Anal Bioanal Chem. 2021 Dec;413(30):7495-7508. doi: 10.1007/s00216-021-03713-w. Epub 2021 Oct 14.

Abstract

With the increasing availability of high-resolution mass spectrometers, suspect screening and non-targeted analysis are becoming popular compound identification tools for environmental researchers. Samples of interest often contain a large (unknown) number of chemicals spanning the detectable mass range of the instrument. In an effort to separate these chemicals prior to injection into the mass spectrometer, a chromatography method is often utilized. There are numerous types of gas and liquid chromatographs that can be coupled to commercially available mass spectrometers. Depending on the type of instrument used for analysis, the researcher is likely to observe a different subset of compounds based on the amenability of those chemicals to the selected experimental techniques and equipment. It would be advantageous if this subset of chemicals could be predicted prior to conducting the experiment, in order to minimize potential false-positive and false-negative identifications. In this work, we utilize experimental datasets to predict the amenability of chemical compounds to detection with liquid chromatography-electrospray ionization-mass spectrometry (LC-ESI-MS).
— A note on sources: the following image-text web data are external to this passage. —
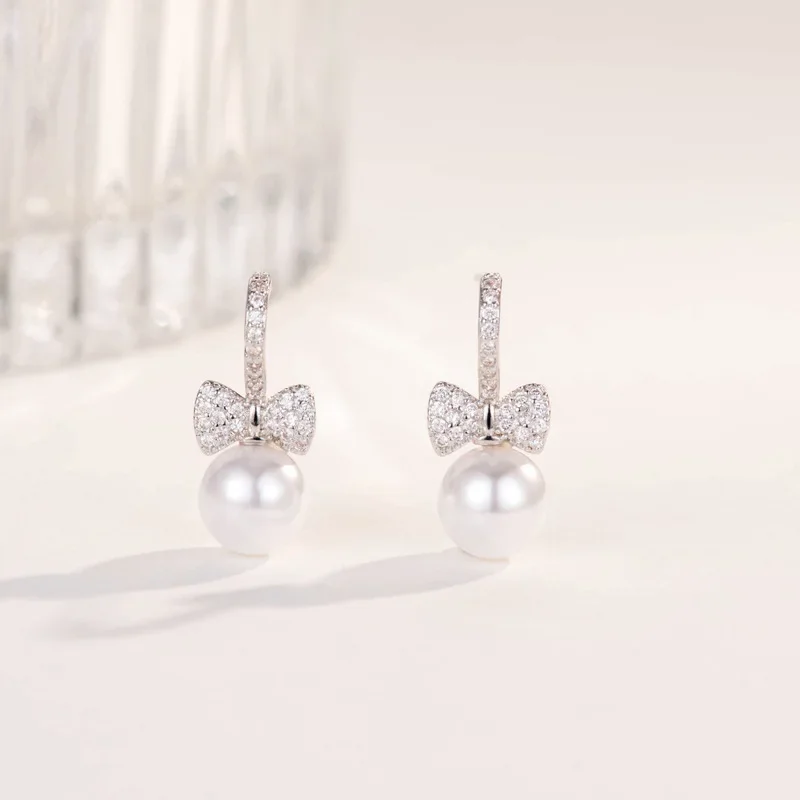 925 sterling silver Bowknot zircon Stud Earrings for Women Wedding Fashion Jewelry Pearl Earrings Valentine's Day Gift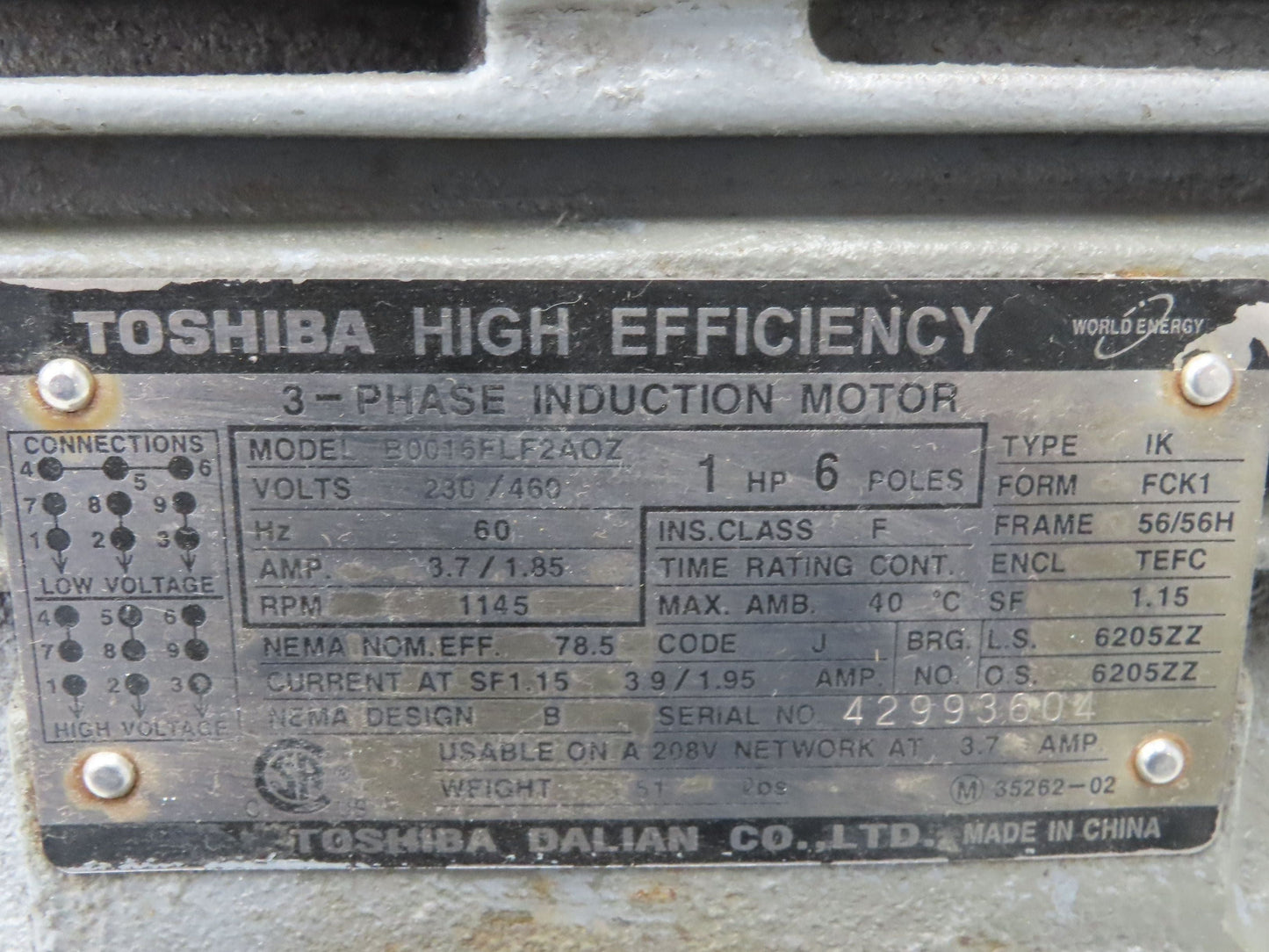 Toshiba B0016FLF2AOZ AC Motor 1Hp 1145rpm 230/460v 3ph 56/56H TEFC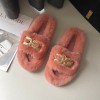 European and American metal chain thick-soled wool slippers women's 42 large size flat-heeled warm flip-flops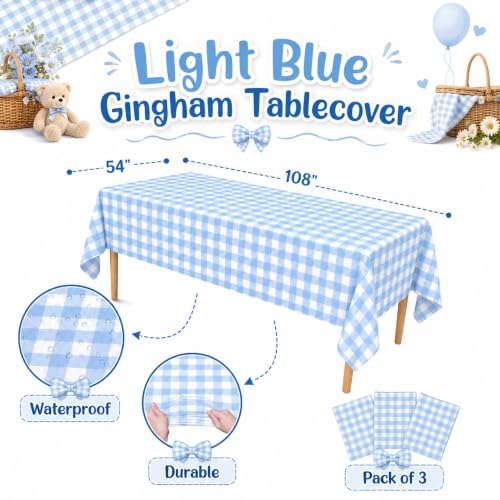 Image of Blue Orchards Light Blue Gingham Table Cover (Pack of 3 with 20 Glue dots) - 54 inchx108 inch XL - Light Blue and White Checkered Picnic Tablecloth, Baby Shower Decoration, Outdoor Birthday Party Supplies
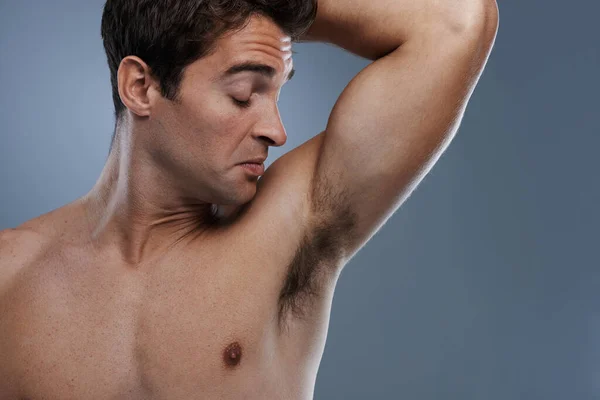 Time Shower Handsome Young Man Grimacing While Smelling His Armpit — Stock Photo, Image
The assembled dataset totals 5517 unique chemicals either explicitly detected or not detected with LC-ESI-MS. The resulting detected/not-detected matrix has been modeled using specific molecular descriptors to predict which chemicals are amenable to LC-ESI-MS, and to which form(s) of ionization. Random forest models, including a measure of the applicability domain of the model for both positive and negative modes of the electrospray ionization source, were successfully developed. The outcome of this work will help to inform future suspect screening and non-targeted analyses of chemicals by better defining the potential LC-ESI-MS detectable chemical landscape of interest.

Keywords: Machine learning; Mass spectrometry; Non-targeted analysis; Predictive modeling; Random forest; Suspect screening analysis.